The WordPress subreddit lit up this week with reports of MemberPress locking users out of the plugin’s admin if they do not renew their subscriptions. MemberPress is a popular membership plugin for WordPress. It is a commercial-only plugin starting at $179/year for one site, and there is no free version.

Reddit user @hamsternose opened the discussion with a first-hand account of having gotten locked out:

So I just discovered that MemberPress has changed its subscription model and will now cease to work the second your license expires and you need to reticence to get it working again.

This is the first WordPress plugin I have come across that works this way and I can’t say I am a fan. I support keeping plugins updated but I don’t believe this should be forced as it pretty much locks users in to meeting whatever price demands a developer chooses.

Is this the way forwards for WordPress Plugin developers now?

MemberPress’ updated renewal policy is clearly outlined in the plugin’s docs about what happens when a user’s subscription ends. The most controversial action is that customers will no longer “have access to any of the MemberPress admin screens.” The policy states:

Essentially, you’ll be able to keep using MemberPress on the front end of your site indefinitely when your subscription ends. However, you won’t be able to access the plugin’s admin screens or functions. Unless you renew, we’ll also no longer be able to support any changes or additions to your site.

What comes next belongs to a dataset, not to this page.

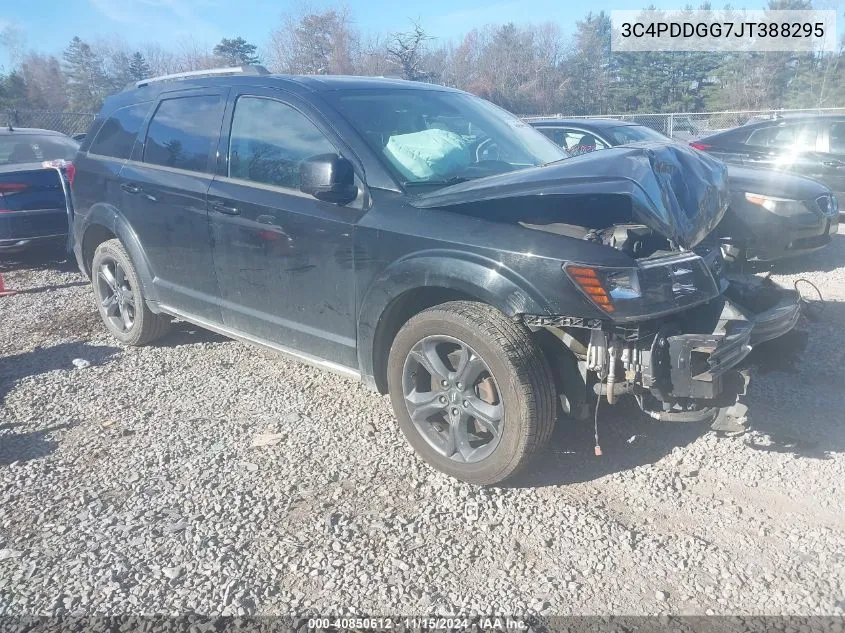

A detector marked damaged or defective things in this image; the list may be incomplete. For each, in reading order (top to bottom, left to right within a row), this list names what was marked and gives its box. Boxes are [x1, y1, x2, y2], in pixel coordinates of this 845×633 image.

Cutting off access to the plugin’s admin screens leaves users without the ability to manage the membership functions of their sites if their subscriptions lapse. This prevents users from doing things like issuing customer refunds, adding new members, managing memberships and site activations, among other actions.

This unorthodox approach is surprising in contrast to most other commercial plugins’ renewal policies, which usually terminate support and updates for those who do not renew. Cutting off functionality in this fashion could be especially problematic for agencies managing websites for clients using MemberPress. It’s something critical to business operations and prospective customers should be aware that the policy is markedly different from most other commercial WordPress products.

“I can understand a ‘no more updates for you’ policy, but shutting down something you paid for (at least once) is not good,” web developer Mauro Bono said in response to Post Status proposing WordPress businesses create a trade association to govern practices like this and admin notification infringements.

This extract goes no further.